Provably Safe Finite-Time Guidance for Marine Vehicles
Bhawana Singh, Karim Ahmadi Dastgerdi, Nikolaos Athanasopoulos, Wasif Naeem, Benoit Lecallard
TL;DR
This work addresses provably safe, finite-time waypoint navigation for marine vehicles in environments with static and dynamic obstacles. A cascade architecture combines a predefined-time heading autopilot with an LOS-based waypoint guidance law, generating intermediate virtual waypoints to guarantee both finite-time convergence to the waypoint and safety constraints such as a minimum distance $C_s$ from obstacles. Lyapunov-based analysis yields predefined-time convergence of the heading error within $t_p$ and finite-time convergence to the waypoint within $T_F$, with switching rules that respect COLREGs.

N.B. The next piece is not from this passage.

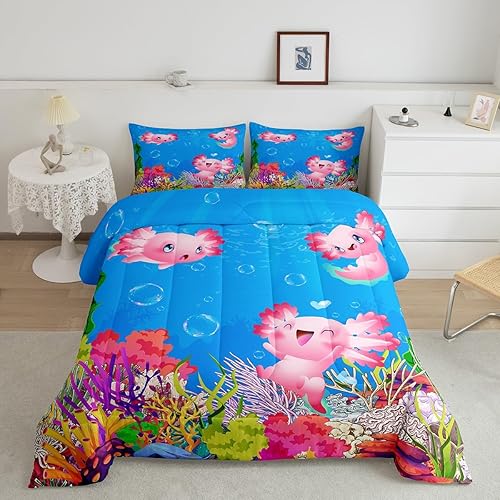 Juego de edredón de tamaño individual de ajolote para niñas, decoración de salamandra de dibujos animados para todas las estaciones, edredón de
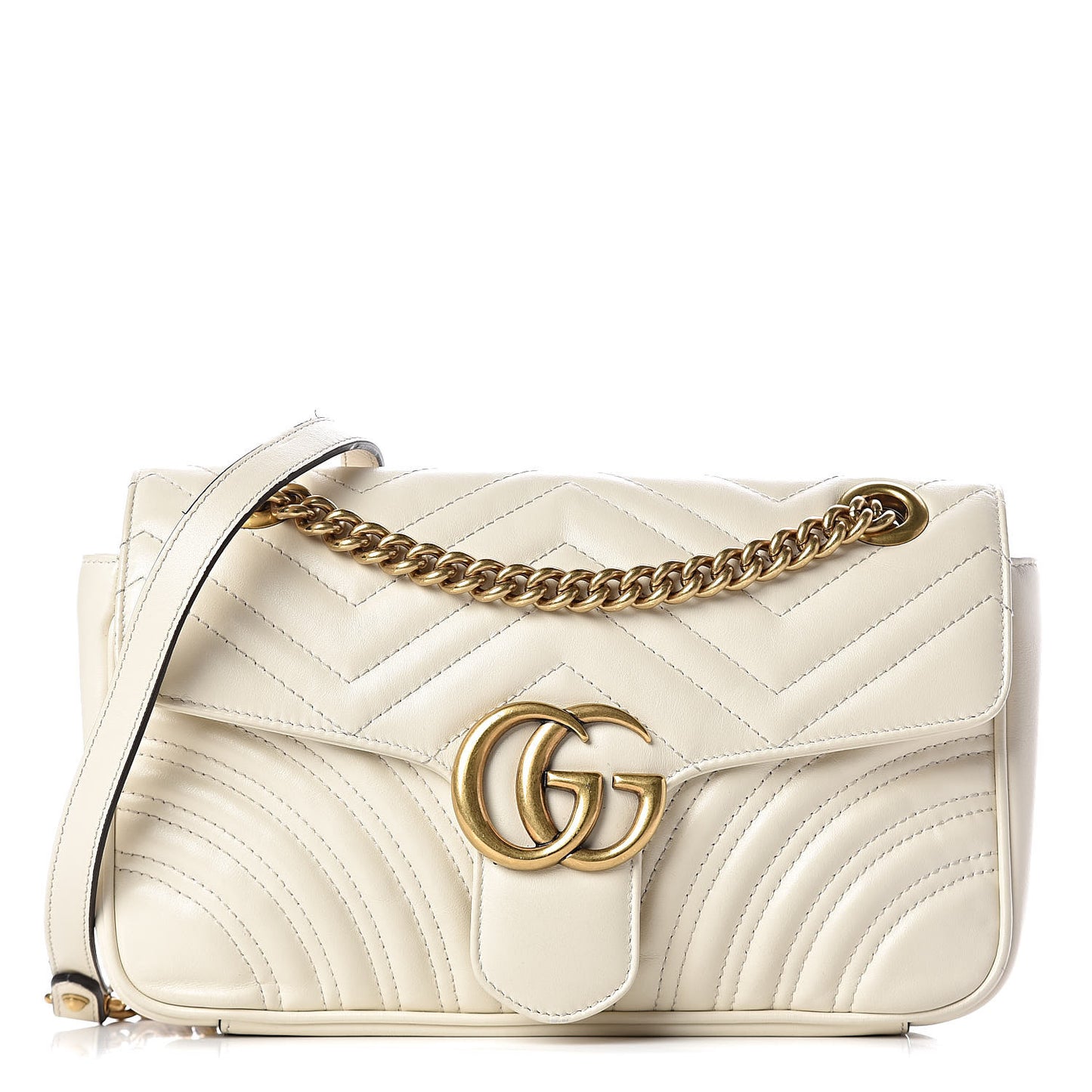 Calfskin Matelasse Small GG Marmont Shoulder Bag White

Simulations on the Imazu benchmarks demonstrate improved safety distances over Velocity Obstacle and geometric LOS methods while maintaining competitive path length and travel time.
Abstract
We consider a new control strategy for marine navigation, equipped with finite-time convergence characteristics. We provide mathematical guarantees for waypoint reaching and obstacle avoidance for different encounter scenarios, by deriving conditions under which (i) convergence to waypoint and (ii) safe obstacle avoidance is achieved while (iii) satisfying input constraints. We propose a predefined-time heading control to enforce ship heading error convergence and waypoint reaching in finite time. Using this as a building block, we develop a provably safe algorithm for safe waypoint navigation by strategically and automatically introducing intermediate virtual waypoints. Using Imazu problems as benchmarks, we show that the proposed method is better than other existing strategies such as Velocity Obstacle Avoidance and biased Line-of-Sight methods, in terms of the safe distance between the ship and the obstacles, cross track error, control effort, waypoint reaching time and ship path length.